Why don’t more people combine biking and running? It’s a lot of fun. Maybe that’s a lot to ask, considering how cyclists are often so tribal that an admission that you run (or, god forbid, even enjoy running) will get you banished to triathlete island (presumably one of the Hawaiian islands; I heard that’s where they do their weird little contests). First things first: I’m not a triathlete. Not by a long shot. I fucking hate swimming, even though I have enormous feet that have never helped me in life but could have helped me in a pool if swimming wasn’t miserable. And I wouldn’t call myself a duathlete (go to hell, Microsoft, it’s a word) in the competitive sense, although I did complete one duathlon a few years ago and it was kinda fun but also kinda full of douchey, the way most competitions involving people are.

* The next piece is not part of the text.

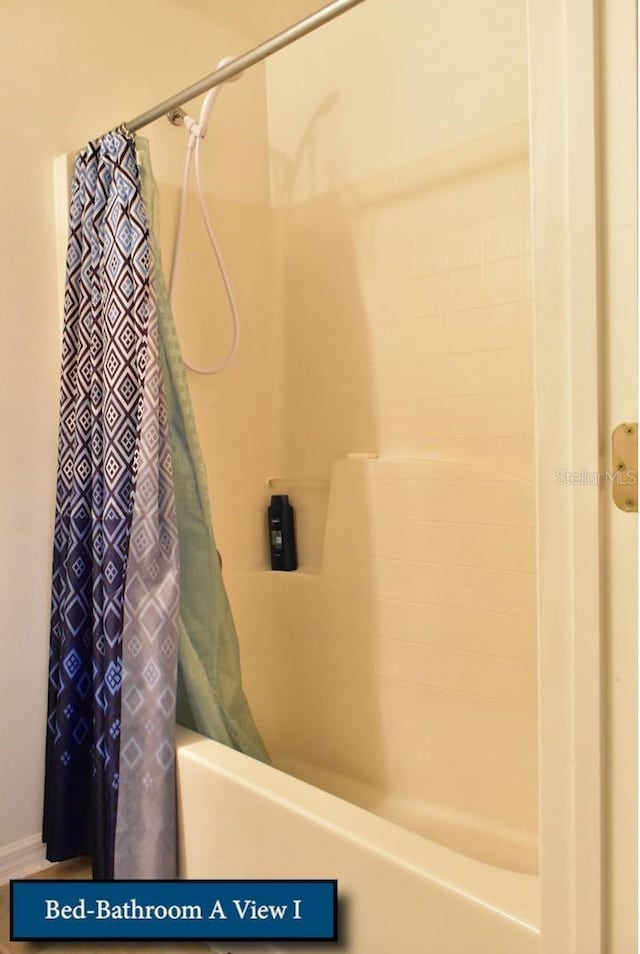 full bathroom with shower / bath combo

I just like biking and running, especially trail running. Also, I hate driving cars. Living in an incredibly walkable city that contains a) your workplace, b) businesses that sell food and provide entertainment, and c) a great local bike shop will do that do you. I get behind the wheel of our minivan maybe once a month, and I feel like a 15-year-old with a learner’s permit every time.


This enjoyment–hatred has led me to the logical conclusion of biking to trailheads instead of driving to them. I bike somewhere, lock my bike, go for a run (or hike—this strategy works for hiking too), unlock my bike, and ride home.

This weekend I leveled up, adding a second trail run into the mix. I thought it would be cool to run to the top of Peter’s Mountain on the east side of the Susquehanna River (actually a ridge, but in Pennsylvania they call ridges mountains for some reason that has yet to be explained to me), then cross the river and summit the ridge on the other side, essentially looking across the gap at where I had just been.

Highlights include:

  • almost twisting my ankle hundreds of times. They (mainly tired AT thru-hikers) call Pennsylvania “Rocksylvania” because there are a shit-ton of rocks here, which is annoying for hiking and borderline suicidal for trail running. However, the focus and agility required to careen down a rock-studded trail without tripping can get you in a flow state like no other. It’s a version of real-life foot Tetris where losing could mean crushing your skull against a granite boulder. You know, “fun.”
  • really nice views, especially from Hawk Rock
  • shaded forests, thick and green with vegetation, looking prehistoric
  • the constant temptation to walk instead of run uphill
  • looks of surprise, awe, and incredulity from other trail users (Perry County residents, no doubt) who obviously don’t see trail runners very often and therefore couldn’t tell that I’m a pretty slow trail runner. I heard them mutter things like “He’s going to run the whole way?” and “He already made it to the top?” as I passed. In the parking lot a man said to his kids, “now that’s how you train.” I felt like Rocky. Hell, I felt like Jesus. I highly recommend running in Perry County if you ever want to boost your fragile ego with completely undeserved compliments.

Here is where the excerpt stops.